*DIRECTIONS*. Repeat the stretch of entries below from the line with "LEITZ Locher NeXXt 5038 blau – Bild 2" through the line with "Herren T-Shirt 883". Include both ends and add nothing.

*SUPPLIED INFORMATION*.
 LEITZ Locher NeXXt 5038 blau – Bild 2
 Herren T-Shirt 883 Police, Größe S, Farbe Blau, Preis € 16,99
==
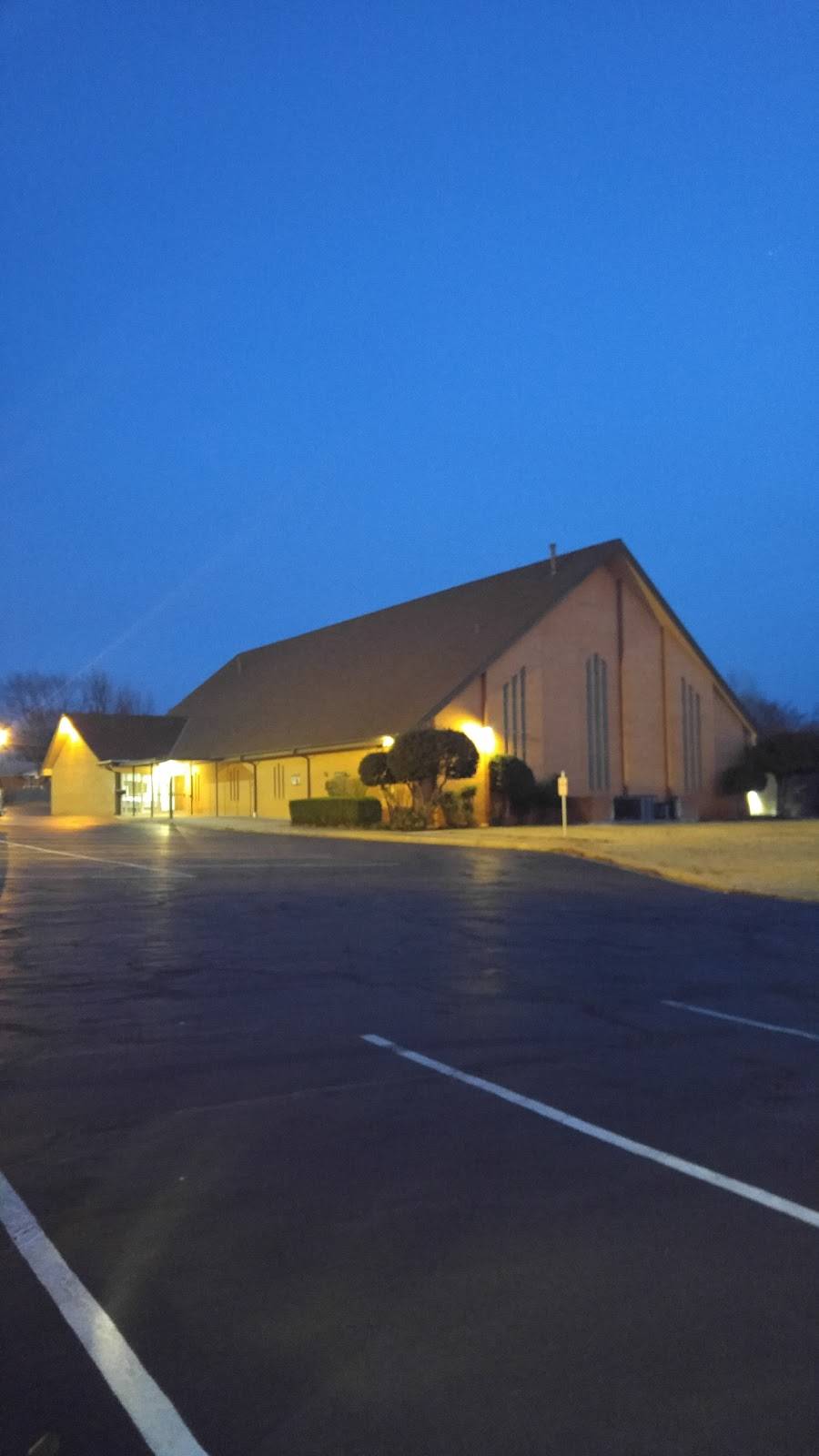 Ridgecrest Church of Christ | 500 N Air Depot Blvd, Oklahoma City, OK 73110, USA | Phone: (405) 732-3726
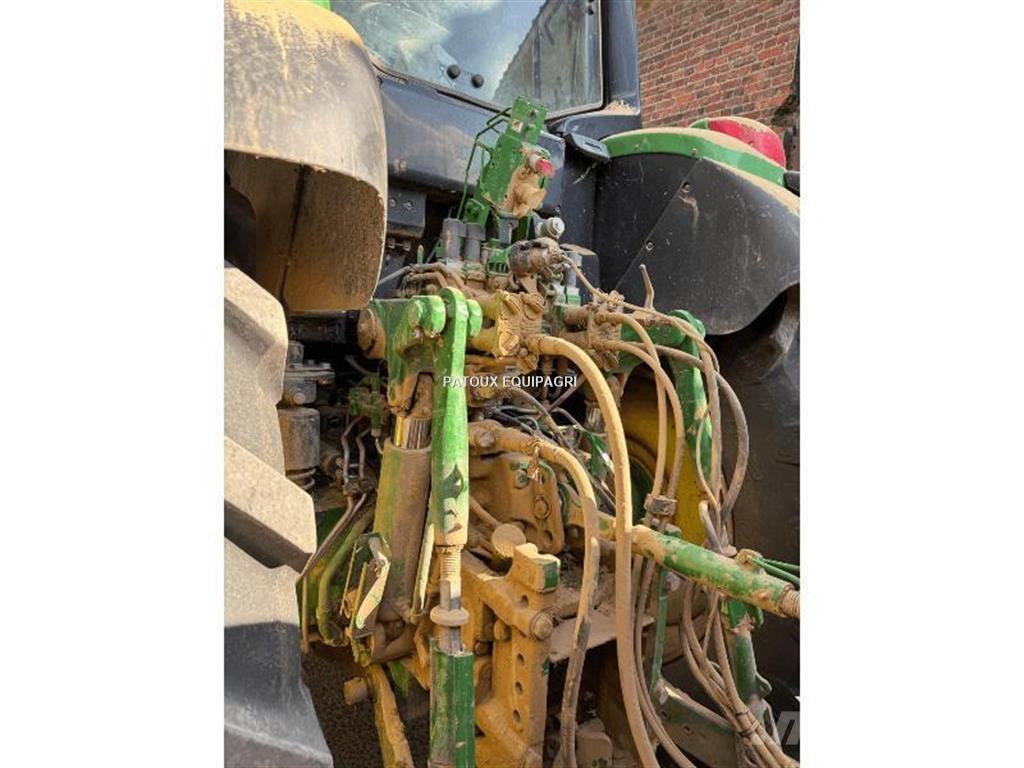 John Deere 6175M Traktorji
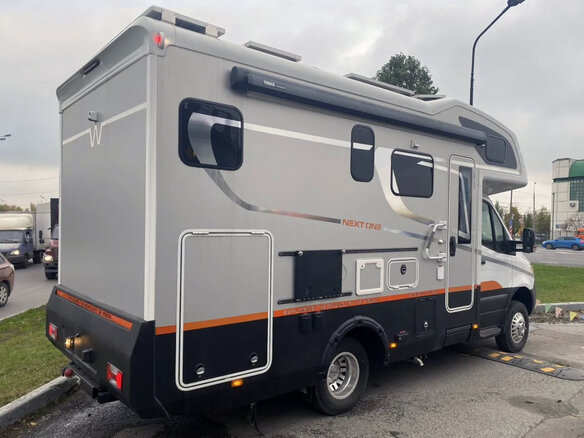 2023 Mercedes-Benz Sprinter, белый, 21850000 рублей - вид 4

*EXPECTED ANSWER*.
 LEITZ Locher NeXXt 5038 blau – Bild 2
 Herren T-Shirt 883 Police, Größe S, Farbe Blau, Preis € 16,99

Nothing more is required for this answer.